A large number and a wide range of our member countries have now had an FSAP program. The feedback we get is overwhelmingly positive. Even the authorities in those industrial countries with highly developed financial sectors that have had FSAPs have found them to be useful.
The FSAP also forms the basis for Financial System Stability Assessments (FSSAs) in which IMF staff address issues directly related to the Fund's surveillance work. These include risks to macroeconomic stability that might come from the financial sector and the capacity of the sector to absorb shocks. Is the level of NPLs a cause for concern? Are the banks well-regulated and sound? How would the financial sector be affected by sharp rises in interest rates—would this lead to a rise in NPLs? Again, these FSSAs cut across the full breadth of our membership.
As you know, Nigeria participated in an FSSA exercise two years ago, one which we believe was valuable in highlighting the opportunities for improving the health and performance of the financial sector and thus the contribution it can make to the long-term growth prospects for the Nigerian economy.
The way forward
I know from my discussions over the past couple of days that the Nigerian authorities are committed to meet head-on the economic challenges they face. Poverty reduction is clearly a priority, and the government recognizes that a stable macroeconomic framework is an essential element of any economic program aimed at delivering long-term growth which in turn is the only enduring means of poverty reduction.
Like many countries, Nigeria is working to strengthen its financial sector.
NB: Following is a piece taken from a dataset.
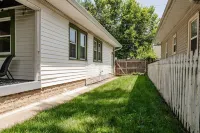 Charming Cottage Near Downtown Hotels in der Nähe von Crossroads Bible College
It is clear from the recent announcements of the central bank that the authorities recognize the important role that the financial sector can play both in delivering financial stability and, over the longer term, more rapid growth. Measures to strengthen the banking system by raising minimum capital requirements, introducing risk-based supervision and the zero tolerance policy for mis-reporting by banks are all welcome moves. The Fund, as ever, stands ready to provide technical assistance in the development and implementation of financial sector reforms.
I started by saying that this is an important juncture in Nigeria’s economic development. I would go further and say that this is an auspicious moment. With NEEDS, the government has committed itself to a wide-ranging reform program that, if implemented fully, should make a significant contribution to achieving more rapid and sustained rates of growth, and so reducing poverty.
The generally favorable external environment is one that makes it easier to introduce reform and increases the potential benefits. The current global economic expansion is an opportunity to press ahead vigorously with reform, and permits a larger payoff sooner—thus reducing resistance to change.
This country faces enormous economic challenges if it is to experience the sustained rapid growth needed to reduce poverty and achieve the Millennium Development Goals. But the signs are encouraging. The government has recognized the importance of creating a stable macroeconomic framework that can best foster longer term growth prospects.
Engagement with the rest of the world is vital for growth and prosperity in any economy. Trade and investment are essential for growth; and history has taught us over and over again that an open economy, one that encourages commerce and rewards entrepreneurship, offers the only long term prospect of growth, rising living standards and poverty reduction.
It is my view that Africa can reap the same economic rewards that other countries have attained by adopting similar goals and making a similar commitment to full participation in the world economy. Nigeria has much in its favor, not least the dynamism of its people. It has a government committed to exploiting these advantages for the good of all its citizens. I look forward to seeing some of the benefits of those reforms on my next visit here.